Sejak Agustus 2021, pengamat sudah khawatir Taliban bakal memberlakukan kembali hukum syariat Islam versi mereka yang kejam, terutama setelah pasukan Taliban sukses menggulingkan pemerintahan di Kabul yang pro-Barat. Semasa berkuasa dulu, kelompok ekstremis ini rutin melarang perempuan beraktivitas di luar rumah, mencambuk orang di depan umum, merajam perempuan yang dituduh berzina, dan mengharamkan musik.

Taliban bersikeras, saat menggelar jumpa pers, bahwa kepemimpinan mereka kali ini jauh lebih toleran dan menghormati perempuan demi membangun kepercayaan publik internasional. Namun, fakta di lapangan berkata sebaliknya. Hak jutaan anak perempuan di negara itu untuk memperoleh pendidikan dasar terhambat. Sejak pertengahan Maret 2022, ribuan pelajar perempuan dipulangkan dari sekolah lantaran seragamnya dianggap kurang sopan oleh Taliban. Kini, hanya perempuan dewasa bisa keluar rumah, itupun jika ditemani muhrim. 

Perwakilan Taliban yang mengadakan pertemuan dengan sejumlah diplomat Tiongkok pada Maret lalu padahal sempat bersumpah tidak akan ingkar janji. Mereka mengklaim akan tetap mengizinkan perempuan berusia 11 tahun ke atas bersekolah.

Pemerintahan Afghanistan sebelum digulingkan Taliban dihantui maraknya korupsi dan dinilai tidak kompeten mengelola birokrasi, tapi setidaknya perempuan diizinkan mengecap bangku sekolah. Perserikatan Bangsa-Bangsa (PBB) memperkirakan ada lebih dari 2,5 juta anak perempuan Afghanistan yang memperoleh pendidikan pada 2021, dibandingkan dengan 2001, kala itu jumlahnya secara nasional nol, alias tidak ada yang bersekolah.

Sikap Taliban terhadap kesetaraan gender terus saja abu-abu. Klaim pejabat humas Taliban kerap tak sejalan dengan praktik di lapangan. Hak dasar perempuan telah menjadi alat tawar-menawar dalam upaya mendapat pengakuan hukum internasional.
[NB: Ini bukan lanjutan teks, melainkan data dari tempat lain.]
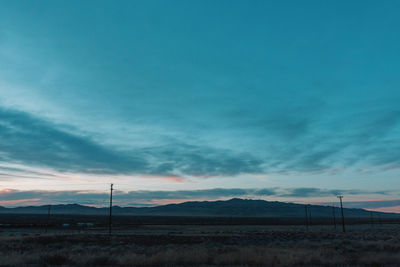 Scenic view of dramatic sky over land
Nyaris 39 juta penduduk Afghanistan hidup dalam kesengsaraan sejak Taliban mengambil alih Kabul. Menurut laporan badan bantuan PBB, sekitar 24 juta orang Afghanistan membutuhkan bantuan pangan, dan sembilan juta di antaranya terancam krisis kelaparan sejak awal tahun ini.